El hallazgo de algas pardas lo realizó en el marco del proyecto Nuestras Costas, Nuestro Futuro, que se desarrolla actualmente en cinco poblados de la parroquía Caruao en La Guaira, con el apoyo financiero de la Unión Europea.
El equipo de biólogos desarrollo la ruta de monitoreo y colección de algas en las plataformas rocosas. Consideran que la contaminación que indica este tipo de algas posiblemente prolifere por la descarga directa de tuberías a la playa.
Mayra García, bióloga destacó que estos arribazones de algas pardas están creciendo de manera descontrolada y se les puede dar un mejor uso.
“Este tipo de algas puede transformarse como un recurso para la comunidad como abono, (compost), para el uso de los huertos escolares y comunitarios. Se puede utilizar en los cultivos en los pueblos de la costa, reduciendo el uso de fertilizantes químicos”, expresó García.

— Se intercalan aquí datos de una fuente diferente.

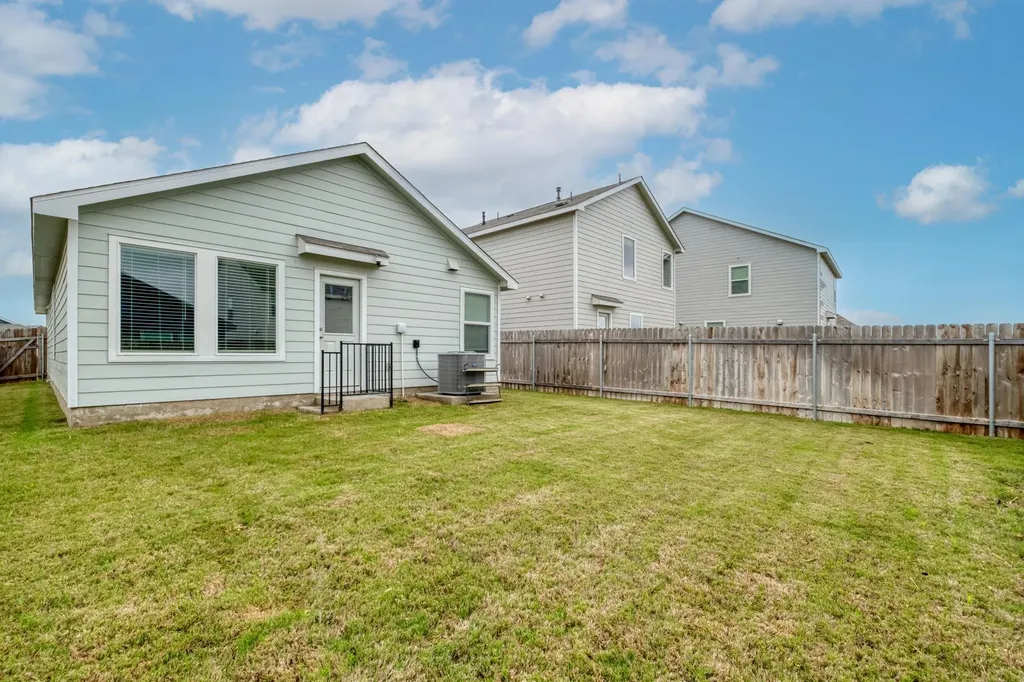 23412 Tiny Moons Way Elgin TX 78621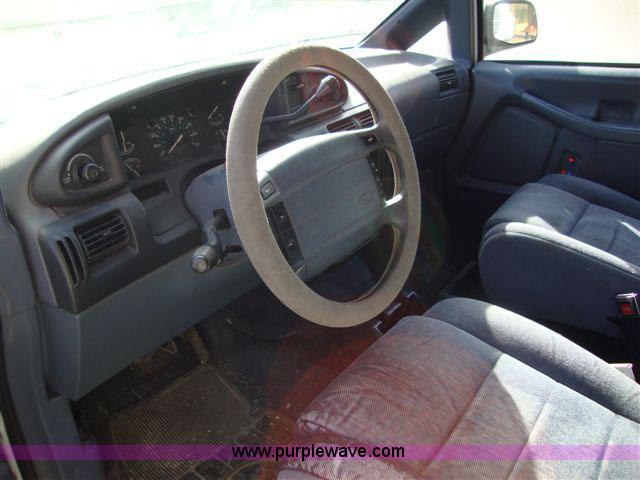 image for item 1453 1993 Ford Aerostar
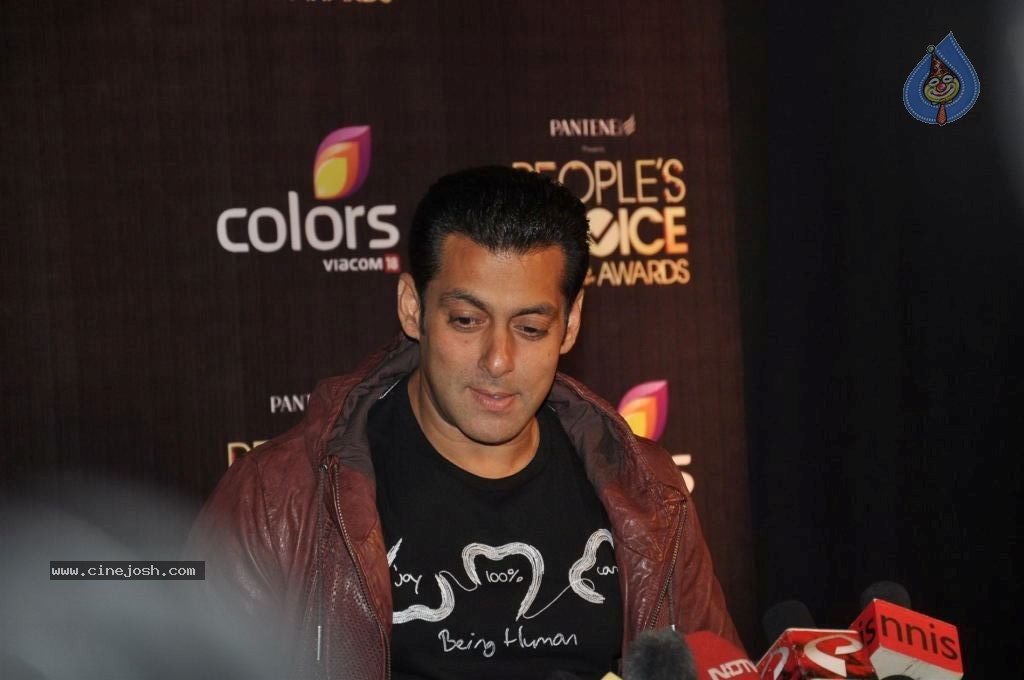 Hot Bolly Celebs at People's Choice Awards 2012 - 5 / 150 photos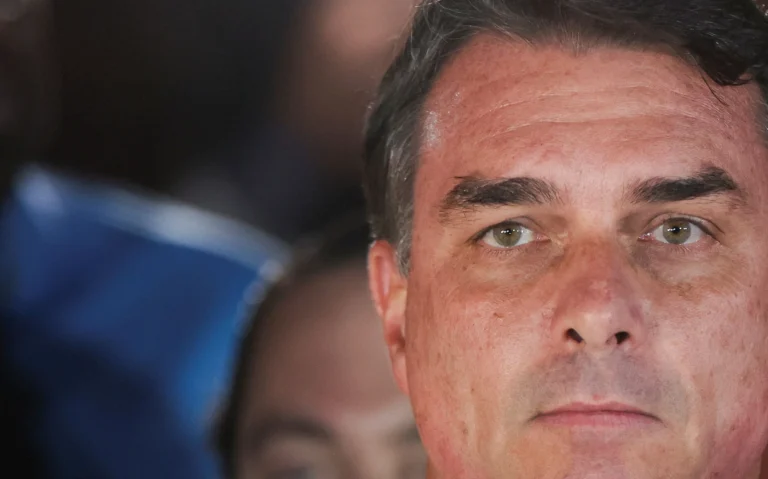 Vans, ex-agente da Mossad e jato estrangeiro: os detalhes da fuga de Flávio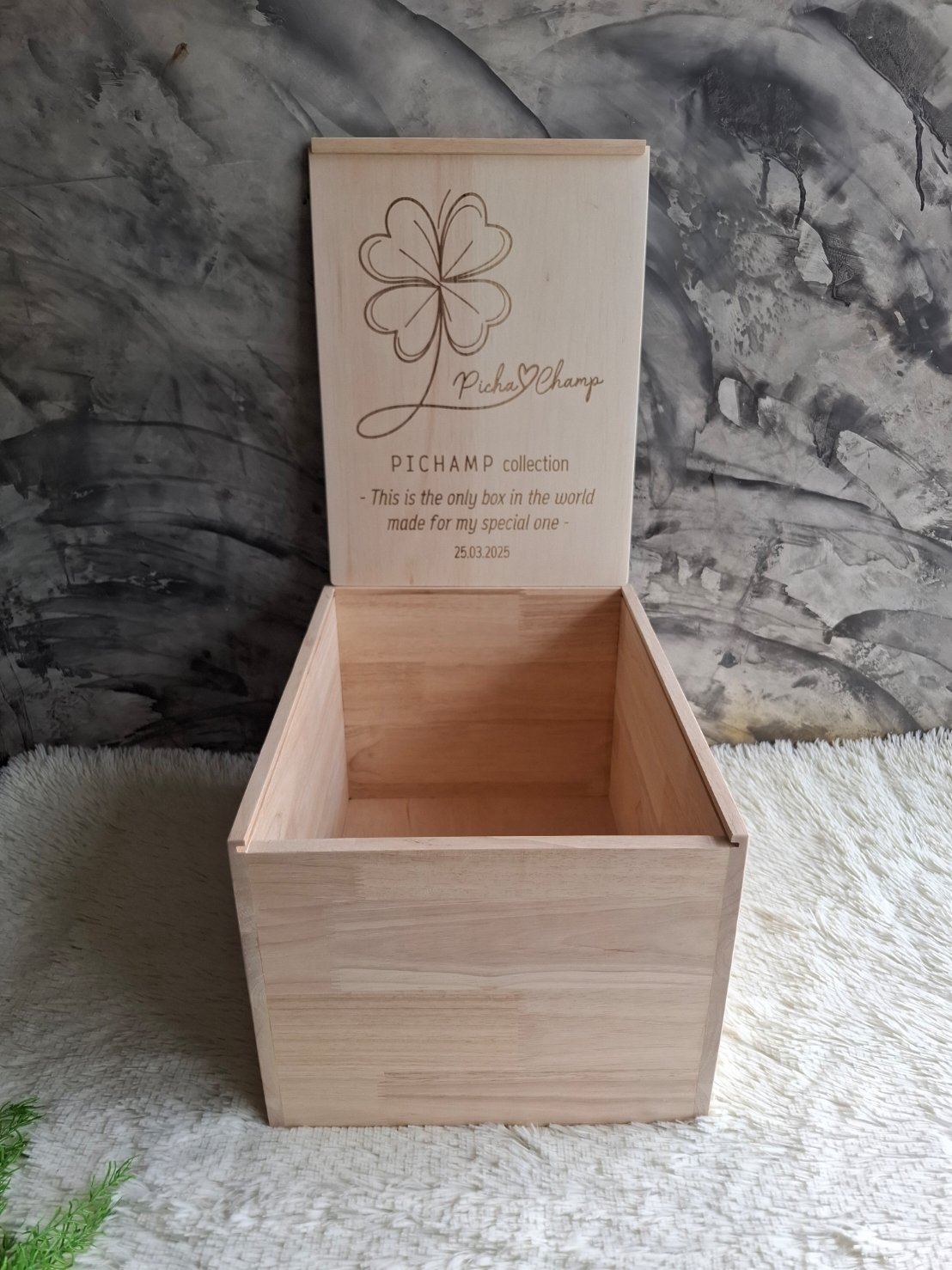 กล่องไม้ฝาสไลด์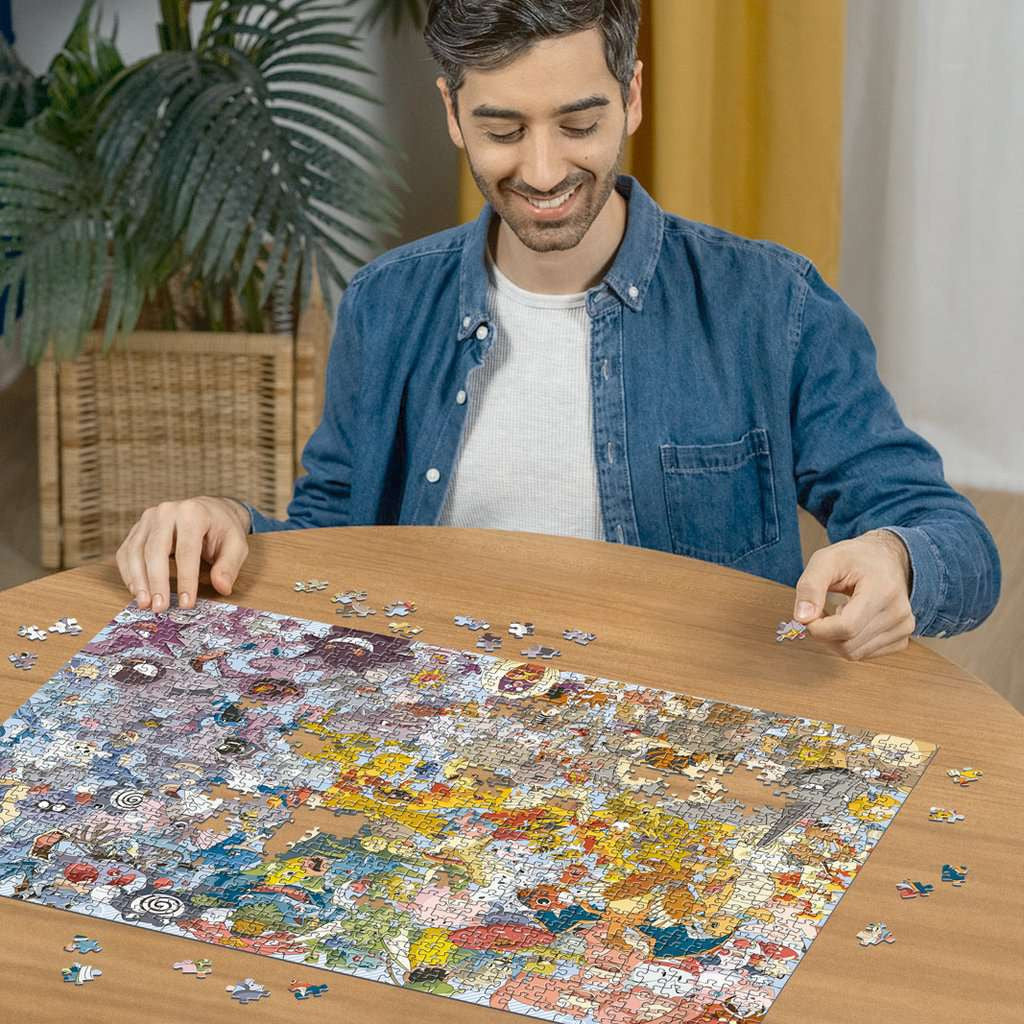 Sfeerbeeld van een verzamelaar die de Pokémon 151 puzzel van 1000 stukjes in elkaar zet.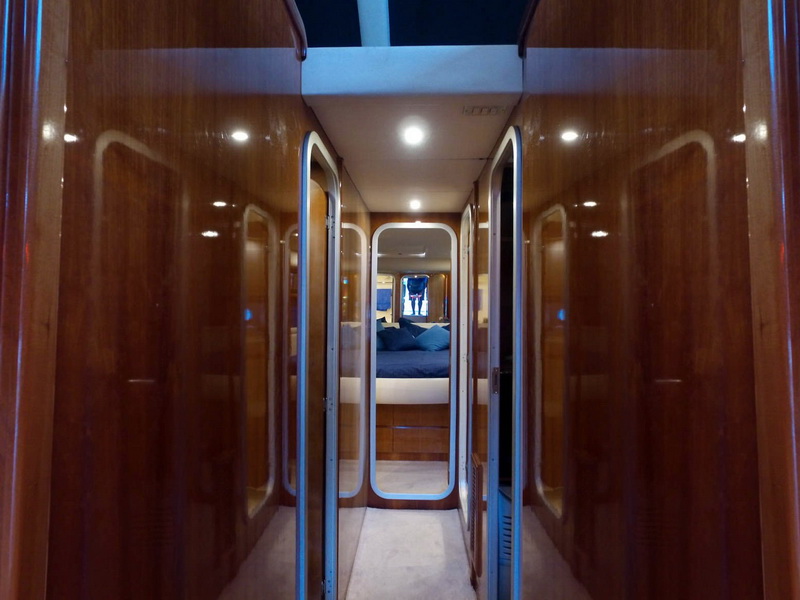 Interior del salón climatizado del Azimut 48 con asientos para huéspedes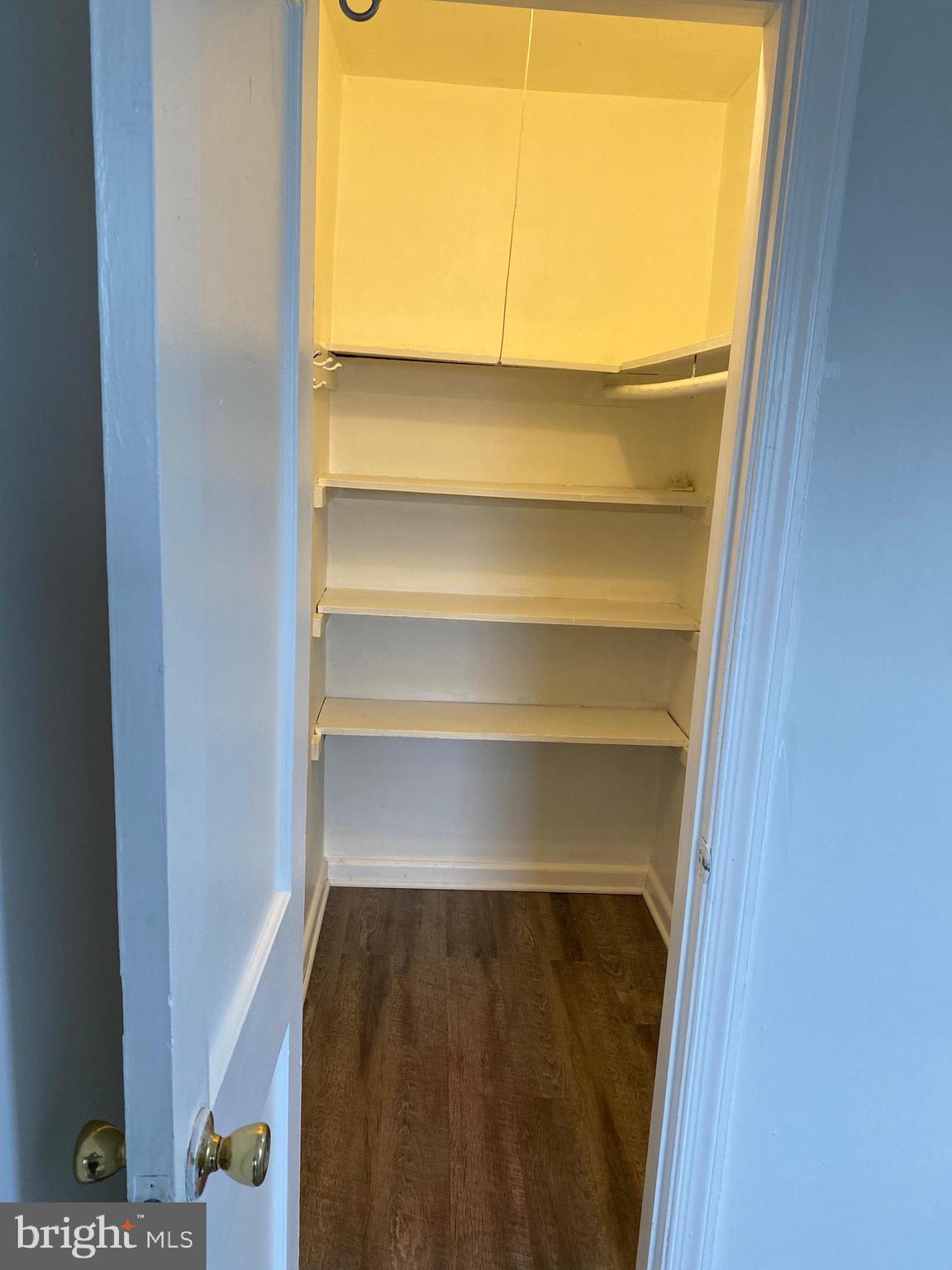 HAMPTON - Residential Lease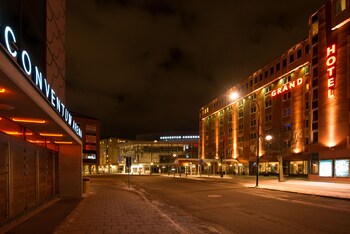 Hotel Front - Evening/Night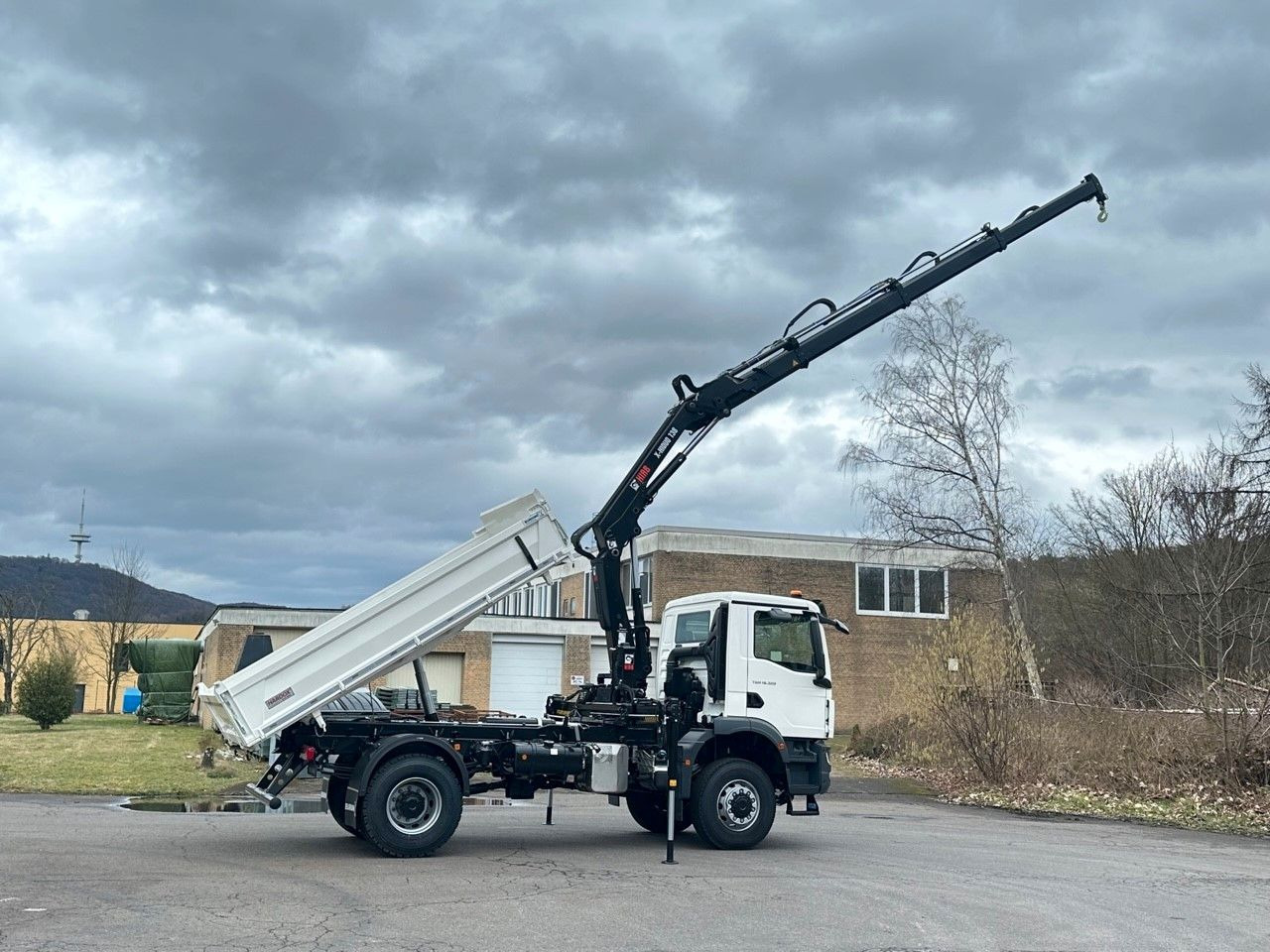 MAN TGM 18.320 4x4 Euro6e Hiab X-HiDuo 138DS-3 - Φορτηγό με γερανό: φωτογραφία 4 MAN TGM 18.320 4x4 Euro6e Hiab X-HiDuo 138DS-3 - Φορτηγό με γερανό: φωτογραφία 4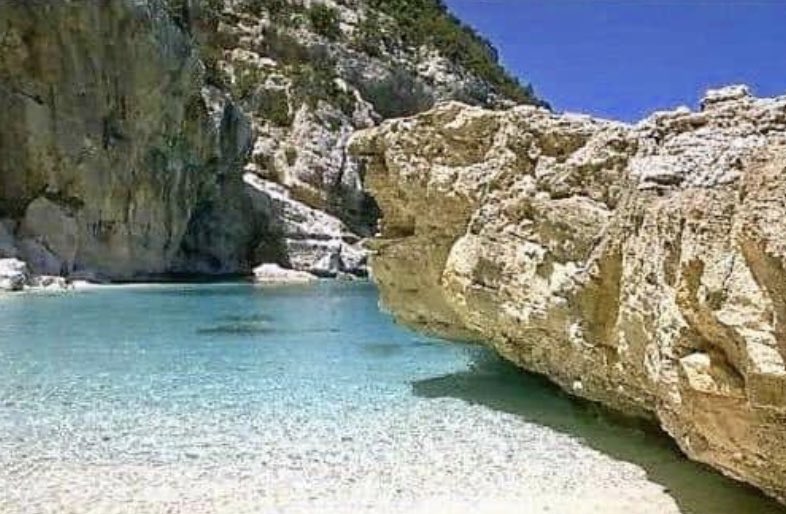 icebergfinanza's tweet photo. Lei, la mia Sardegna, non tradisce mai!  #BelloViaggiare https://t.co/sowjWhPriF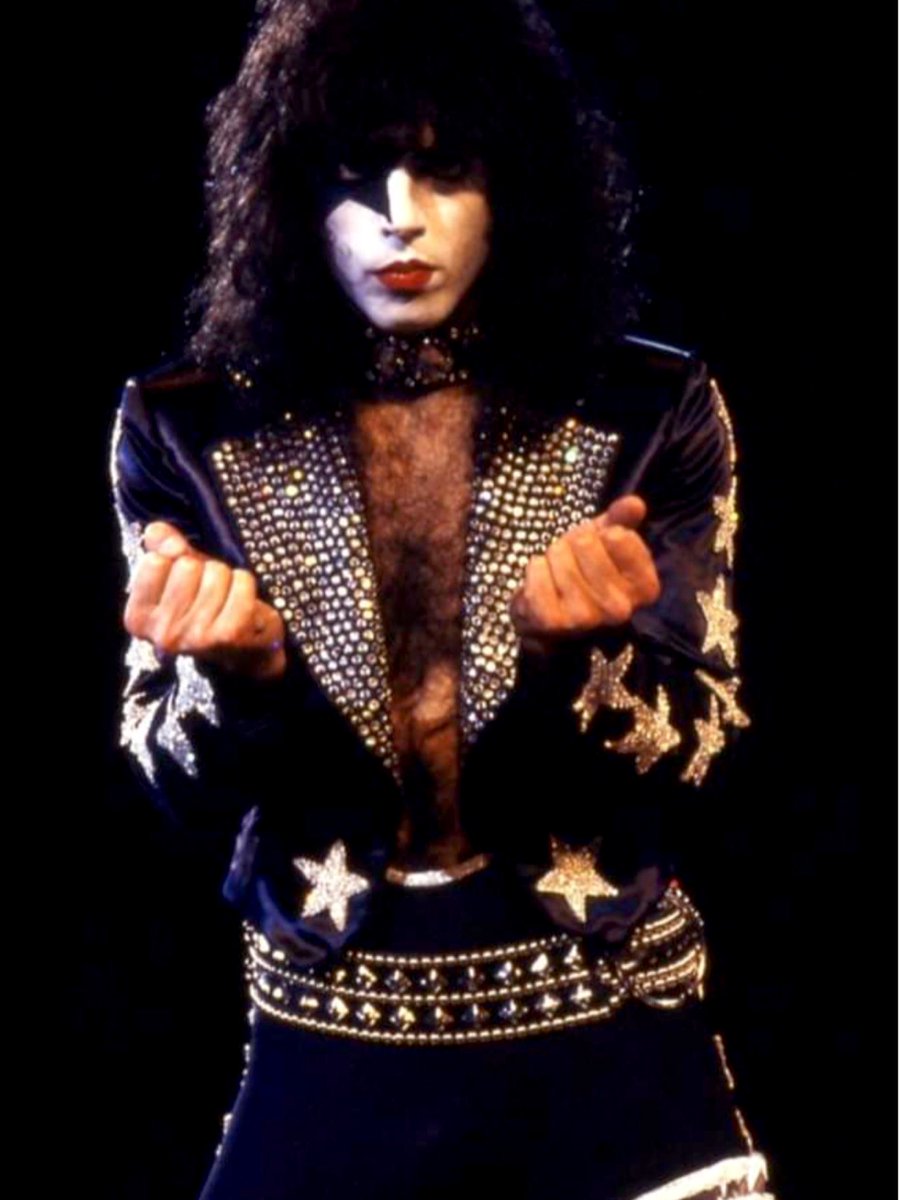 skullstar01's tweet photo. 🌟StarChild Saturday🌟
How is your weekend going?
Much ❤ All
⚡☠️⚡
#KISSArmy #KISS #PaulStanley #StarChildSaturday #StarChild https://t.co/LR2TFuJ0wg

Durante el monitoreo realizado en Caruao también se realizó una inspección en el área de manglares y se determinó la necesidad de impulsar las jornadas de saneamiento y limpieza en las zonas afectada por el arrastre de materiales provocados por la marea y las escorrentías de las lluvias.
El equipo de Biodiversidad del Proyecto “Nuestras Costas, Nuestro Futuro” planteó la posibilidad de crear un vivero con la capacitación de las comunidades y promover la recolección de los propágulos del mangle y evaluar la posibilidad de su desarrollo para posicionarlos en un entorno adecuado.